The reality of online sex work is much different from what is shown in these videos. Many people turning to OnlyFans, especially during the pandemic, need that money to survive. People who glamorize OnlyFans make people believe that online sex work is a way to not just make a sustainable income but enough money to live a lavish lifestyle. And if you haven’t been able to make it that far, you just aren’t working hard enough. Not to mention that sex work of any kind has very real social, emotional, and physical effects. Just like any other pyramid scheme, you’re more than likely to fail. The only difference is that you can stop selling leggings, makeup, or supplements and switch your career when you quit an MLM, but for many sex workers, finding work can be extremely difficult. Women who engage in sex work face a plethora of social ramifications. How many more news stories do we need to see about nurses and teachers getting fired from their “real jobs” after discovering that they were using OnlyFans as a side hustle? (The American dream. You go to school for years to get a respectable career only to still not be making enough money, so you turn to sex work.)
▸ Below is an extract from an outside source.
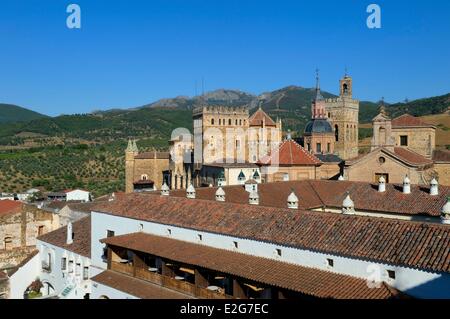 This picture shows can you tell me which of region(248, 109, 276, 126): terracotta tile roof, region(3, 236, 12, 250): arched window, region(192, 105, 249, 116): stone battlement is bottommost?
region(3, 236, 12, 250): arched window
I’d like to end this with a final note on what’s come to be known as GirlBoss feminism or Buzzfeed feminism. If you’re a woman, and you think sexual liberation is your route to complete freedom and happiness – all the power to you, seriously. But the personal empowerment of one woman does not equal the liberation of all women. And sex work does more to hurt women than it does to help them.

Basically, don’t trick women into making OnlyFans accounts.
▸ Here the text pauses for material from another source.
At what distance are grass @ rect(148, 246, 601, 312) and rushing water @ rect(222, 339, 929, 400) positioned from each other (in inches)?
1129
And support your local slut, or whatever.

2 thoughts

  1. The main problem, really, is why so many young women (including teachers and nurses) even have to create an onlyfans. They’re not getting paid enough at their normal jobs, and in America it has felt for many young women that the only way to make serious bank is profiting off their looks and sex appeal.
    I worked in the sex industry as a dancer (now I perform on non-onlyfans adult platforms) and that’s how I was able to make rent, student loans, and pay for things women are expected to have, like cute clothes and makeup. Fresh out of college, the only jobs for me paid $15/hour or less. The degree I worked so hard to earn did nothing for me. My student loan debt was 1k/month so there was no other option than to turn to exotic dancing. The underlying issue is availability of good paying jobs for recent graduates in certain fields.
    It is alarming that so many young girls want to do this, but it’s understandable because those luxurious Beverly Hills homes and Lana Del Rey-esque lifestyle is glamorized and far from attainable. Easy solutions are onlyfans, sugar daddies or stripping. Onlyfans just happens to be pandemic friendly and IG doesn’t ban accounts with links to OF versus say, paid videos on pornhub.

    1. Thank you so much for the thoughtful comment, I agree with your sentiments.